→ What you should do
Your answer must consist solely of the lines from the start of the entries below through the line with "Hose dunkelgrün C&A 34/34", unchanged.

++++

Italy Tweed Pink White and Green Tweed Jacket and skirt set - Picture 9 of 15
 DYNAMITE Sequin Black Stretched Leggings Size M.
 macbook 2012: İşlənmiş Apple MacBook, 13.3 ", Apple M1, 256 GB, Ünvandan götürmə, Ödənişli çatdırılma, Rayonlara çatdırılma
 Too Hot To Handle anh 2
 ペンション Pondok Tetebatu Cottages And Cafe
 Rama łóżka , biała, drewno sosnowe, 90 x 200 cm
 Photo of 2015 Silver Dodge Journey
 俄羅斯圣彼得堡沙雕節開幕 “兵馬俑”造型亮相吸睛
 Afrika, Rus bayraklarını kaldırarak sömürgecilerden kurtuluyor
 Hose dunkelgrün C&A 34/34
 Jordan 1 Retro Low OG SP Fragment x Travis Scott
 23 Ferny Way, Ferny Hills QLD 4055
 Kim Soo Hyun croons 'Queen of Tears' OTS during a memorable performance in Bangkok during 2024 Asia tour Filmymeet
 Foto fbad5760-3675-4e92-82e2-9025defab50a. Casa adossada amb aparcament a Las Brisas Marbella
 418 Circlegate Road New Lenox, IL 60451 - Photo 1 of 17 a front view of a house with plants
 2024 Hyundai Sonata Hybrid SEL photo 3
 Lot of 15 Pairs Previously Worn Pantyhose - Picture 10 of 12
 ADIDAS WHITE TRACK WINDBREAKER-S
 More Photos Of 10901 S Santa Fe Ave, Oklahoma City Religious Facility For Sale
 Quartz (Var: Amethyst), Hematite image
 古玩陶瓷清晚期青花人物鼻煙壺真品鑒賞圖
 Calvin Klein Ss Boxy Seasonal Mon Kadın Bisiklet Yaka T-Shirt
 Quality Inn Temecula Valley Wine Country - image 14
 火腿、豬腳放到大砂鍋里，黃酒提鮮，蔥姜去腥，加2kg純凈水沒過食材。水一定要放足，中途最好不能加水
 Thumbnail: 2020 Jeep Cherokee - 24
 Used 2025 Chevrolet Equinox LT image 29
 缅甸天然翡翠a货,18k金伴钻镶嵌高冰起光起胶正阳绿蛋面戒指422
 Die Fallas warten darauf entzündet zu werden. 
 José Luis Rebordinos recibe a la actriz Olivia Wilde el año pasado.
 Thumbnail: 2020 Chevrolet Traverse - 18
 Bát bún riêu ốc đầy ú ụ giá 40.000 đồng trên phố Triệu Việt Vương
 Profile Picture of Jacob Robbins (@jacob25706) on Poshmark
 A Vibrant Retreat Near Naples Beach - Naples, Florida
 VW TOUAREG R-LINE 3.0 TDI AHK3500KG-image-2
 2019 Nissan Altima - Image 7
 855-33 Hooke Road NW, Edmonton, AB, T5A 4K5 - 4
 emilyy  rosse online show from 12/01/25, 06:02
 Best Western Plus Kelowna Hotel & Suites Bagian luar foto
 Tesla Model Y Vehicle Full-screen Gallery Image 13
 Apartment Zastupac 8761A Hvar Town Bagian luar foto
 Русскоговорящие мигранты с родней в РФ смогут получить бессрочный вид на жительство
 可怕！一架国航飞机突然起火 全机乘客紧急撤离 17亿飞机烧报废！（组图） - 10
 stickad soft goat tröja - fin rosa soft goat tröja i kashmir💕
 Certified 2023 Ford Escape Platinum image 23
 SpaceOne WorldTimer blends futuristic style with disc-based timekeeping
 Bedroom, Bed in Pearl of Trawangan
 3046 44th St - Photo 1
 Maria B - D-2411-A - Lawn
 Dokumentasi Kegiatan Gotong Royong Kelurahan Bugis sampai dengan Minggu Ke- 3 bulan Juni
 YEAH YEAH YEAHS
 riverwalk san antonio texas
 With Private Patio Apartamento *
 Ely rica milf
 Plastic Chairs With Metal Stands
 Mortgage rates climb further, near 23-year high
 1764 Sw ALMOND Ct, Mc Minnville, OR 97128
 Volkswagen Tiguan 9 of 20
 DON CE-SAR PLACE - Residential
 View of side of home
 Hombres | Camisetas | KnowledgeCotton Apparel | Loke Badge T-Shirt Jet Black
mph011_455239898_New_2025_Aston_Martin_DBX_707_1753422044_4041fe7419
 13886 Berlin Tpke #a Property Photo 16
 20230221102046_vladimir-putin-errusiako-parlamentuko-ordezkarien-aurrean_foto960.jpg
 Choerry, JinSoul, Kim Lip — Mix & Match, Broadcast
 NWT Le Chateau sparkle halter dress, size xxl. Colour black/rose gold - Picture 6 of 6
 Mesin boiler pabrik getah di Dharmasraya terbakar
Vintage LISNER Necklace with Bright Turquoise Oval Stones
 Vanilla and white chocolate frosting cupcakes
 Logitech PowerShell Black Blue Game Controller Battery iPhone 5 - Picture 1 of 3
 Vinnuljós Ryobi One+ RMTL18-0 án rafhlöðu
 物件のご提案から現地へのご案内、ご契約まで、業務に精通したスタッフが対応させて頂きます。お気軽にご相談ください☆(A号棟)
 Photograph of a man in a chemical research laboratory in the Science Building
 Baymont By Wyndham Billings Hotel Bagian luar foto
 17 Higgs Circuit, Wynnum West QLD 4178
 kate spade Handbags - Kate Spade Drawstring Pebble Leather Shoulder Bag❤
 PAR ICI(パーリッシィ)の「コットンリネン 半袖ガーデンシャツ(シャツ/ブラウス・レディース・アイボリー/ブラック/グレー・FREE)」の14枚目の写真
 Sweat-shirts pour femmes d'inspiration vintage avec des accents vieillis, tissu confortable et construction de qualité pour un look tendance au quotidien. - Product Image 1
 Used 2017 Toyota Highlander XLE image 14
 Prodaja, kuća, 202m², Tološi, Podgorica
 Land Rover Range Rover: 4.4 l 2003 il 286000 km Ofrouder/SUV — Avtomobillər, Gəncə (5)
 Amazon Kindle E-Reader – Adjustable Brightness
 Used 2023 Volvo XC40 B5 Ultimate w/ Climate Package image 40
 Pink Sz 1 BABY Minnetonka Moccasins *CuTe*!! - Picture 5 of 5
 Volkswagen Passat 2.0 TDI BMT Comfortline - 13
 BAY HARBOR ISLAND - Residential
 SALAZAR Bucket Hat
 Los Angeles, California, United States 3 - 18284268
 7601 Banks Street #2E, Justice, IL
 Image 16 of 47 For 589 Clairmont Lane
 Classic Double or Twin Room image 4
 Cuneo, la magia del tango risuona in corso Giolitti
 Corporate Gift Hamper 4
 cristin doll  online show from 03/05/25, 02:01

++++

→ Solution to the exercise
Italy Tweed Pink White and Green Tweed Jacket and skirt set - Picture 9 of 15
 DYNAMITE Sequin Black Stretched Leggings Size M.
 macbook 2012: İşlənmiş Apple MacBook, 13.3 ", Apple M1, 256 GB, Ünvandan götürmə, Ödənişli çatdırılma, Rayonlara çatdırılma
 Too Hot To Handle anh 2
 ペンション Pondok Tetebatu Cottages And Cafe
 Rama łóżka , biała, drewno sosnowe, 90 x 200 cm
 Photo of 2015 Silver Dodge Journey
 俄羅斯圣彼得堡沙雕節開幕 “兵馬俑”造型亮相吸睛
 Afrika, Rus bayraklarını kaldırarak sömürgecilerden kurtuluyor
 Hose dunkelgrün C&A 34/34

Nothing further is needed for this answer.